Darwich a publié son premier recueil, Rameau d’olivier, en 1964. Il incluait un de ses plus fameux poèmes, Identité. Ce poème, qui donne une voix aux Palestiniens face aux autorités israéliennes, commence ainsi :
Inscris !
Je suis Arabe
Le numéro de ma carte : cinquante mille
Nombre d’enfants : huit
Et le neuvième... arrivera après l’été !
Et te voilà furieux !
. . .
Inscris
Que je suis Arabe
Que tu as raflé les vignes de mes pères
Et la terre que je cultivais
Moi et mes enfants ensemble
Tu nous as tout pris hormis
Pour la survie de mes petits-fils
Les rochers que voici
Mais votre gouvernement va les saisir aussi
... à ce que l’on dit !
Mahmoud Darwich a décrit de manière probante l’expérience de son peuple : l’exil, l’occupation, la dépossession. Selon la poète Naomi Shibab Nye, Darwich était « le souffle nécessaire au peuple palestinien, le témoin éloquent de l’exil et de l’appartenance ».
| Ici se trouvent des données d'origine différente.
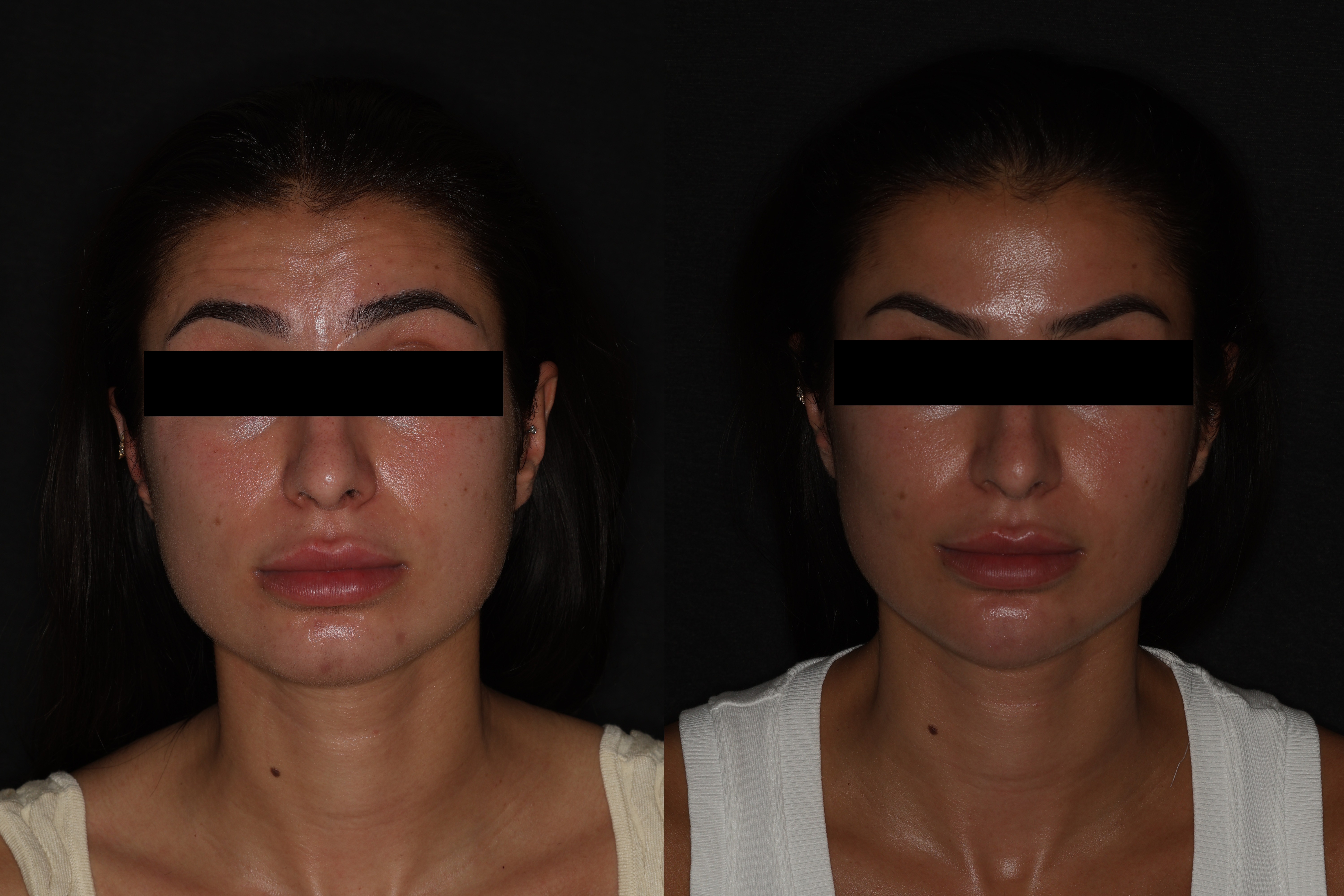Botox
Darwich a aussi écrit la déclaration d’indépendance que Yasser Arafat a lue aux Nations unies en 1974. « Aujourd’hui, je tends une branche d’olivier et un fusil de combattant de la liberté. Ne laissez pas ma branche tomber de mes mains. » Sa poésie et sa prose ont favorisé l’émergence d’une identité nationale palestinienne. Selon l’anthropologue palestinien Ali Qleibo, qui enseigne à l’Université al-Qods de Jérusalem, « il était le miroir de la société palestinienne ».
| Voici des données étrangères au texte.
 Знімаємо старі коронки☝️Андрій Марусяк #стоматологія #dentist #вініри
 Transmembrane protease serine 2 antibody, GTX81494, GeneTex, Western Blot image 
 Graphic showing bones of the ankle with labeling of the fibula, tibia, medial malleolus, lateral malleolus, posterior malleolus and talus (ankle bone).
Décrivant ce qui rend Darwich si spécial pour les Palestiniens, Adila Laidi-Hanieh, ancienne directrice du centre culturel Khalil Sakanini, explique « que la chose la plus importante à propos de lui, c’est qu’il maintient une impeccable intégrité morale, ainsi qu’une autorité politique et intellectuelle ».
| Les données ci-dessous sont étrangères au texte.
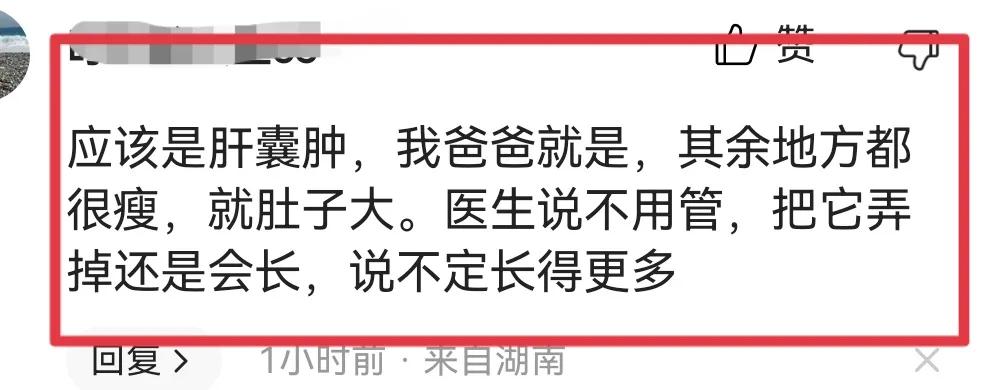 72岁谭咏麟自曝生病,谭咏麟回应大肚腩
Darwich n’était pas seulement un poète critique, mais aussi un militant. Jeune homme, il a été emprisonné pour ses activités politiques et pour avoir publiquement lu sa poésie. Il a joint le Parti communiste officiel d’Israël, le Rakah, dans les années 1960. En 1970, il s’envole pour l’URSS. Il étudie à l’Université de Moscou et on lui retire sa nationalité israélienne. Il déménage au Caire l’année suivante. Il joint en 1973 l’Organisation pour la libération de la Palestine (OLP). Il est alors interdit en Israël. Il est élu au comité exécutif de l’OLP en 1987, mais il démissionne en 1993 après les Accords d’Oslo. Darwich critique à la fois l’occupation israélienne et le leadership palestinien. Il dénonce les luttes fratricides entre le Hamas et le Fatah, qu’il décrit comme « une tentative publique de suicide dans les rues ».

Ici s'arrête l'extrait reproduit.